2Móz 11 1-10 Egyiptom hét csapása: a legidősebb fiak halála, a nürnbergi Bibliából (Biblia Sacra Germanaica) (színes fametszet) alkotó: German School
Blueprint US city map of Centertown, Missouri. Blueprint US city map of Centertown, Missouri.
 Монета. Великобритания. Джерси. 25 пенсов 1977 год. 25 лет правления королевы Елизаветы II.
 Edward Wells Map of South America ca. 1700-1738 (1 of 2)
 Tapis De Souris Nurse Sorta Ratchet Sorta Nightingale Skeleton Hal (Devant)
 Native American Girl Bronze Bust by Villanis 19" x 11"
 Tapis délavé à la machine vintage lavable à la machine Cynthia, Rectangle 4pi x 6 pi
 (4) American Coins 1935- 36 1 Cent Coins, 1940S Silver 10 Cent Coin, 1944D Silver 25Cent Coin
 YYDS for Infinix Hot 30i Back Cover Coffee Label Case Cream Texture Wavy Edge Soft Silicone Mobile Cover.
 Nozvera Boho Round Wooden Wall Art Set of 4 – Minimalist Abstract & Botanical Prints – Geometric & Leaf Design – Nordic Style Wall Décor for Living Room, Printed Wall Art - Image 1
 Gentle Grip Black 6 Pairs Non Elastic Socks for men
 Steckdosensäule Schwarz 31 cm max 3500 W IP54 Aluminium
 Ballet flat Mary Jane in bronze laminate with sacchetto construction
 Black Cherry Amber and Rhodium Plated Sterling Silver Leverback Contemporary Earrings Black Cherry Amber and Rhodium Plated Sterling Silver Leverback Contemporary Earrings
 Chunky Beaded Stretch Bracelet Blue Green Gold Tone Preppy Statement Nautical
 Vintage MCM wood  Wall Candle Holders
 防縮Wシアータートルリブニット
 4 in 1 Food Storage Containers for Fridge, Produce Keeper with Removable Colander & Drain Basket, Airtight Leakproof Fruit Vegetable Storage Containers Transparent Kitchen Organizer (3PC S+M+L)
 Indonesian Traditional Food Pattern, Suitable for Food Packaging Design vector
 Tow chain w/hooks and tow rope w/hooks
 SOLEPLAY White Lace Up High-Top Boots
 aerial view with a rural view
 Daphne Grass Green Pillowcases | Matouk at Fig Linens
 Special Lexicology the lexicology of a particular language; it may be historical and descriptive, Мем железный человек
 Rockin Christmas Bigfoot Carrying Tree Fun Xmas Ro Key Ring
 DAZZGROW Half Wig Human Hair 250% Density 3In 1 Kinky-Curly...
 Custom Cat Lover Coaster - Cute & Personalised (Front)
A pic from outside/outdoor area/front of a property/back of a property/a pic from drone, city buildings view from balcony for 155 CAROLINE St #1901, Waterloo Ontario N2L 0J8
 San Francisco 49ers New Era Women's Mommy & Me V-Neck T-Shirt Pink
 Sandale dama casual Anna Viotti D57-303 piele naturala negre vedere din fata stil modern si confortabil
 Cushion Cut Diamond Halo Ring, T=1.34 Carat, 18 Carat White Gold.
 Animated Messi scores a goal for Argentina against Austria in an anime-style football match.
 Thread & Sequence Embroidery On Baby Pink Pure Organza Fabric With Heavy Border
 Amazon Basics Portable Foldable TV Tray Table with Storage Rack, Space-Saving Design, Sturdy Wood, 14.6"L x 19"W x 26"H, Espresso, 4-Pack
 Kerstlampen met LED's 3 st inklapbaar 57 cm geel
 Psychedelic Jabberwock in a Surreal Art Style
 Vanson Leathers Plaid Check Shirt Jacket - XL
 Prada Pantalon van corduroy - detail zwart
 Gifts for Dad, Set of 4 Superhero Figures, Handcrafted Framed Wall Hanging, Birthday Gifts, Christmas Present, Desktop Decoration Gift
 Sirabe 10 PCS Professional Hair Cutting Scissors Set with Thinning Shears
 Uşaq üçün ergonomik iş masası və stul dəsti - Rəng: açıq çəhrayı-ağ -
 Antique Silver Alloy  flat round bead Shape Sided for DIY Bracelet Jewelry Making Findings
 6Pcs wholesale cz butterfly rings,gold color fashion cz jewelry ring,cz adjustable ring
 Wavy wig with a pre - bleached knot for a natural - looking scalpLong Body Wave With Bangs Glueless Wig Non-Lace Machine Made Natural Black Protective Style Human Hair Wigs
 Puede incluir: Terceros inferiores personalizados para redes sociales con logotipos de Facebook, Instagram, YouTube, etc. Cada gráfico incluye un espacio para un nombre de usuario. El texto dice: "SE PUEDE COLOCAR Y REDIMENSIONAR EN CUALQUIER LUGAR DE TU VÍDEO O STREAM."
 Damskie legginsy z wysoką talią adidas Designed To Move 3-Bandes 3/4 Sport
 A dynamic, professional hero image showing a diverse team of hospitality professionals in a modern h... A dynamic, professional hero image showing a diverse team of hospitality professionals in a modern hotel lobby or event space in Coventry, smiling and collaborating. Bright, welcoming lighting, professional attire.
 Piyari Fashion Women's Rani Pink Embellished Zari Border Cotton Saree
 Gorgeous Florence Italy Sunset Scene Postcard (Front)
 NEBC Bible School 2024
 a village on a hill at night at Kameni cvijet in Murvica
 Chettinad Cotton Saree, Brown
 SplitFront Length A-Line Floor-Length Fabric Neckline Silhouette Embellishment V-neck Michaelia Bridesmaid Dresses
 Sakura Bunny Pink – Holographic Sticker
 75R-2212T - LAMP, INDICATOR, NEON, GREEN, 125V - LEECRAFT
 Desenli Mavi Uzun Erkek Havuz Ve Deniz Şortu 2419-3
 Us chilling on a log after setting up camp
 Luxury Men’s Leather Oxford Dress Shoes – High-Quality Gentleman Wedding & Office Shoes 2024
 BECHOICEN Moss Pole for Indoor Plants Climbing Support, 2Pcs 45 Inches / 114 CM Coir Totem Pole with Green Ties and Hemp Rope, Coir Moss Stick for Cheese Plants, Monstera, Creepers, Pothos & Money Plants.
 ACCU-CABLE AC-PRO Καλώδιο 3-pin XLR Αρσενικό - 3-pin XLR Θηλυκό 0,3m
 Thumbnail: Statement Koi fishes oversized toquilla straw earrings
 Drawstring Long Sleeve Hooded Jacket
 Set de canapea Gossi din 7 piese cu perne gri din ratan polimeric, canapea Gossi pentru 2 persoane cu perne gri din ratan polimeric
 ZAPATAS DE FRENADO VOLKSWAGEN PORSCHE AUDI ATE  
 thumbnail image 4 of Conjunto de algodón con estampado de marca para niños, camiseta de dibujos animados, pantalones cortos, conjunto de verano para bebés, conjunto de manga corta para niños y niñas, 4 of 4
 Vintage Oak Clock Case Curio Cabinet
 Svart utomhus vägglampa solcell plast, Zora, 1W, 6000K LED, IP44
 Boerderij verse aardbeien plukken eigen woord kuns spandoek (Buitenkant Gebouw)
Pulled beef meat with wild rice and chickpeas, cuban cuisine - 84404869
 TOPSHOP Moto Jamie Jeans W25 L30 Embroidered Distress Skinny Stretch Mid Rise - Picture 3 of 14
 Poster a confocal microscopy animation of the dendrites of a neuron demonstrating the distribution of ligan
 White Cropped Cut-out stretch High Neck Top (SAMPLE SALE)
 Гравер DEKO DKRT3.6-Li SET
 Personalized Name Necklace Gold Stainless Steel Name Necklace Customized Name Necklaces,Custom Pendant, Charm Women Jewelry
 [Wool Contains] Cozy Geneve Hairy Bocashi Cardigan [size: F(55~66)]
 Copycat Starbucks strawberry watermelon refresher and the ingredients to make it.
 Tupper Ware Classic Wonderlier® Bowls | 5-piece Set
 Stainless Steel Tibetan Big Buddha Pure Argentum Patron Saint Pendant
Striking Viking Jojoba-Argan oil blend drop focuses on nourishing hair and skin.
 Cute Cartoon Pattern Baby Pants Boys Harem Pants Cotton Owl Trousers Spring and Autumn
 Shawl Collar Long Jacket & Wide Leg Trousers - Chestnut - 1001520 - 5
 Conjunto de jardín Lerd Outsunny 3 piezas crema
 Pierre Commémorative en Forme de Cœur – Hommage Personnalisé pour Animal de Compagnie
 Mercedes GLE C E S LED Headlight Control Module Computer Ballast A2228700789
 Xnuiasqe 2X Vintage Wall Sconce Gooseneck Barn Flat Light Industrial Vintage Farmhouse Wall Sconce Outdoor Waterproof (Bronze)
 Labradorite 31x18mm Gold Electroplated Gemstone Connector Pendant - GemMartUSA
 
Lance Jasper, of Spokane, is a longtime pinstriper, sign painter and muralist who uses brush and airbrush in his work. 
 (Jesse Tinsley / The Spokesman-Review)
----
_EXERCISE REQUIREMENTS_: Set down, exactly as they appear above, all lines from the one that has "Gorgeous Florence Italy" down to the one that has "Luxury Men’s Leather", including those two and no others.

_WRITTEN RESPONSE_:
 Gorgeous Florence Italy Sunset Scene Postcard (Front)
 NEBC Bible School 2024
 a village on a hill at night at Kameni cvijet in Murvica
 Chettinad Cotton Saree, Brown
 SplitFront Length A-Line Floor-Length Fabric Neckline Silhouette Embellishment V-neck Michaelia Bridesmaid Dresses
 Sakura Bunny Pink – Holographic Sticker
 75R-2212T - LAMP, INDICATOR, NEON, GREEN, 125V - LEECRAFT
 Desenli Mavi Uzun Erkek Havuz Ve Deniz Şortu 2419-3
 Us chilling on a log after setting up camp
 Luxury Men’s Leather Oxford Dress Shoes – High-Quality Gentleman Wedding & Office Shoes 2024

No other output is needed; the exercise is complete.